EXERCISE DESCRIPTION:
Only the lines below, from the one with "ThemeForest - Mebadink" through the one with "Gerippte Babykleidung mit", are to be written out, exactly.

RAW DATA:

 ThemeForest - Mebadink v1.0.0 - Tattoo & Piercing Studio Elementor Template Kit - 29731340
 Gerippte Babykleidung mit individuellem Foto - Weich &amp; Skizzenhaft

--

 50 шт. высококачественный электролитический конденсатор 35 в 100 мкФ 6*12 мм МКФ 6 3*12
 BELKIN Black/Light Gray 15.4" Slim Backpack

ANSWER SPACE:
 ThemeForest - Mebadink v1.0.0 - Tattoo & Piercing Studio Elementor Template Kit - 29731340
 Gerippte Babykleidung mit individuellem Foto - Weich &amp; Skizzenhaft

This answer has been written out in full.